§ **WORK TO COMPLETE**: Beginning at the line that holds "73 Garden Street", repeat every line through the last line of the material, exactly, and drop any pictures.
[Start of section]
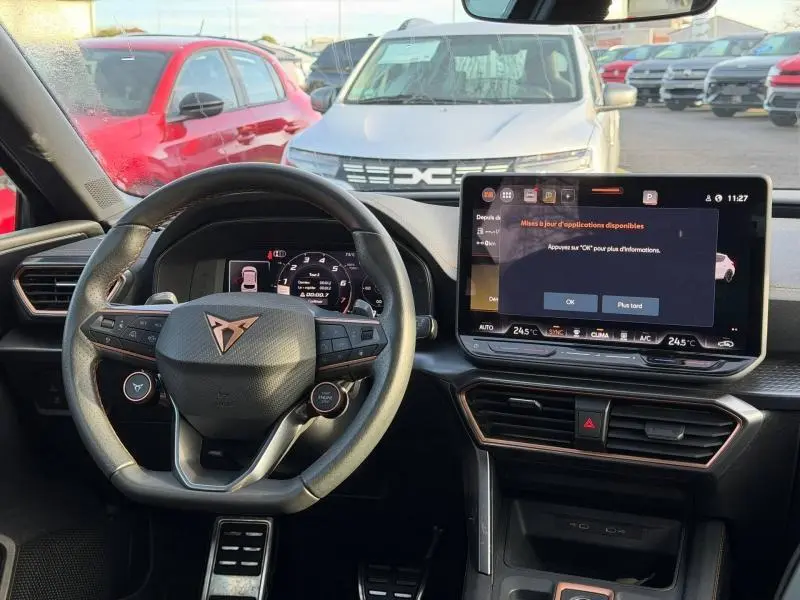 Vue intérieure du poste de conduite d'une SEAT Leon 1.5 eTSI Hybrid 2025, avec volant multifonction et écran tactile central allumé.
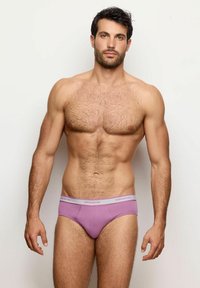 Slip in cotone lilla con una morbida texture, dotati di un elastico grigio in contrasto con la scritta "yamamay". Il modello posa frontale, mostrando la vestibilità.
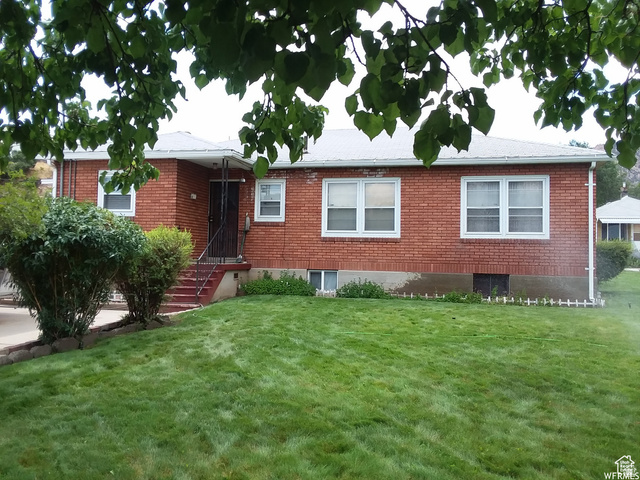 73 Garden Street Helper, UT 84526 - Photo 2 of 36 Single story home featuring a front yard and brick siding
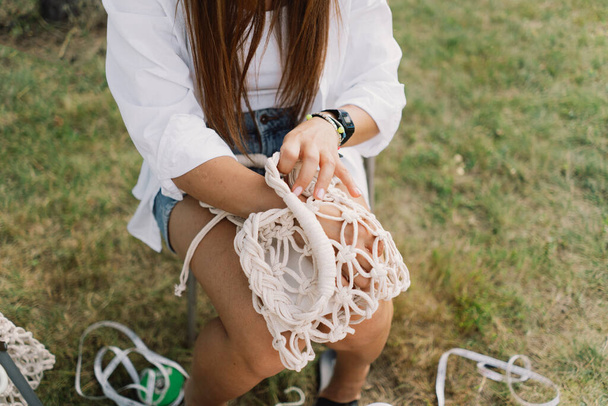 女性はテントの近くの屋外でマクラメ技術を使用してバッグを編みます. アウトドア趣味。 マクラム・ウィービング. - 写真・画像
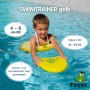 Kind mit gelbem Freds Swim Academy Schwimmreifen Classic im Wasser, geeignet für Kinder von 4-8 Jahren.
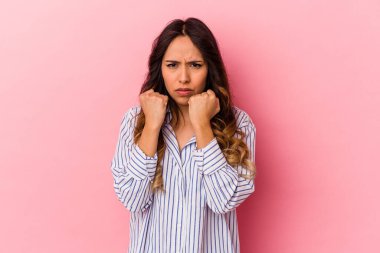 Pembe arka planda izole edilmiş genç Meksikalı kadın yumruğunu kameraya gösteriyor, agresif yüz ifadesi..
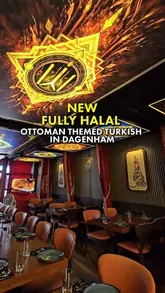 A wide-angle interior shot of a Turkish restaurant in Dagenham, showcasing the Ottoman-themed decor, including ornate ceiling lighting and private dining booths.
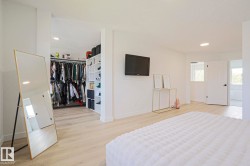 Spacious bedroom featuring light wood-finish flooring, recessed lighting, a built-in open closet system with shelving and hanging rods, and a white paneled door - 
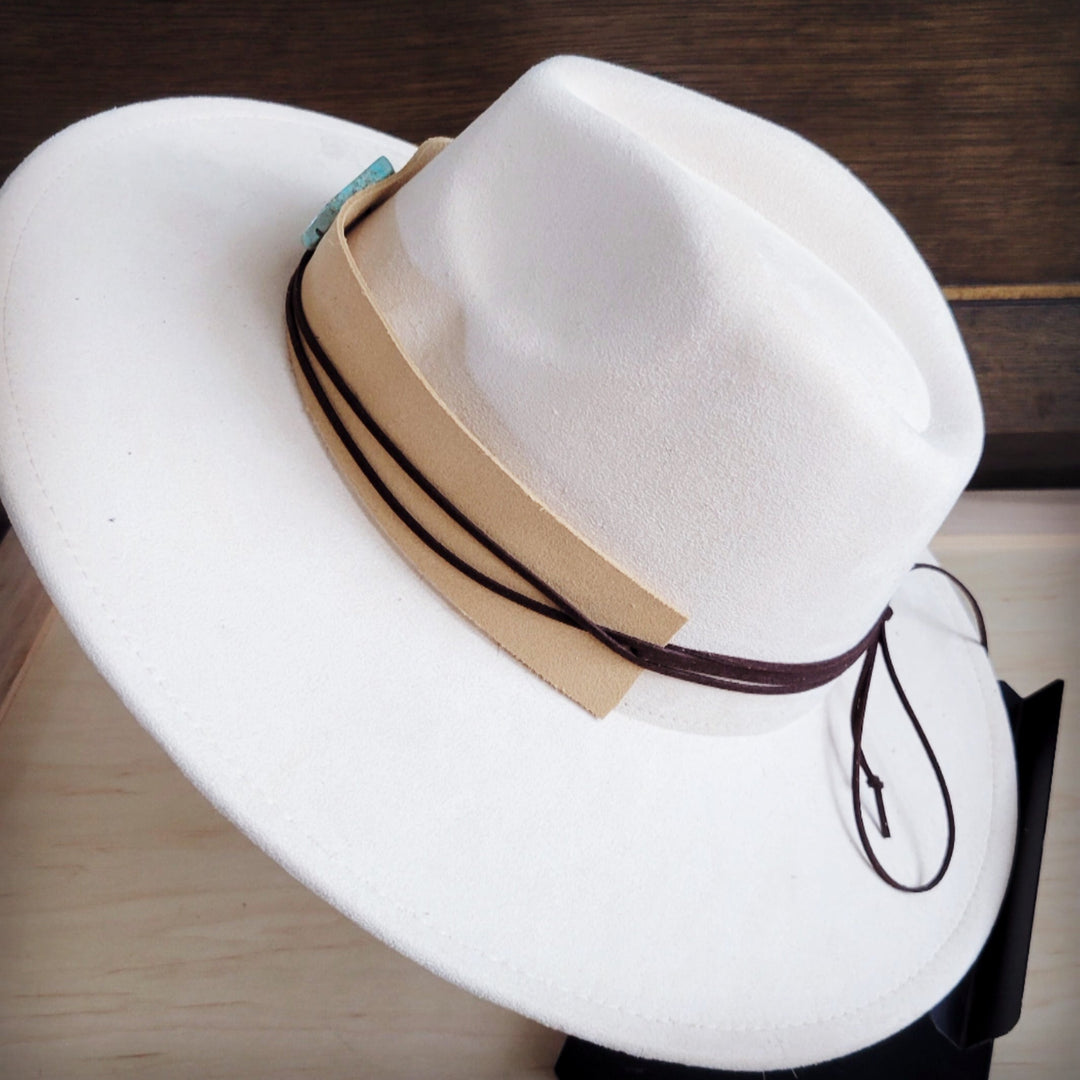 White wide-brim suede hat with tan band and tied dark leather cords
[End of section]
§ **OUTPUT OF THE EXERCISE**:
 73 Garden Street Helper, UT 84526 - Photo 2 of 36 Single story home featuring a front yard and brick siding
 女性はテントの近くの屋外でマクラメ技術を使用してバッグを編みます. アウトドア趣味。 マクラム・ウィービング. - 写真・画像
 Kind mit gelbem Freds Swim Academy Schwimmreifen Classic im Wasser, geeignet für Kinder von 4-8 Jahren.
 Pembe arka planda izole edilmiş genç Meksikalı kadın yumruğunu kameraya gösteriyor, agresif yüz ifadesi..
 A wide-angle interior shot of a Turkish restaurant in Dagenham, showcasing the Ottoman-themed decor, including ornate ceiling lighting and private dining booths.
 Spacious bedroom featuring light wood-finish flooring, recessed lighting, a built-in open closet system with shelving and hanging rods, and a white paneled door - 
 White wide-brim suede hat with tan band and tied dark leather cords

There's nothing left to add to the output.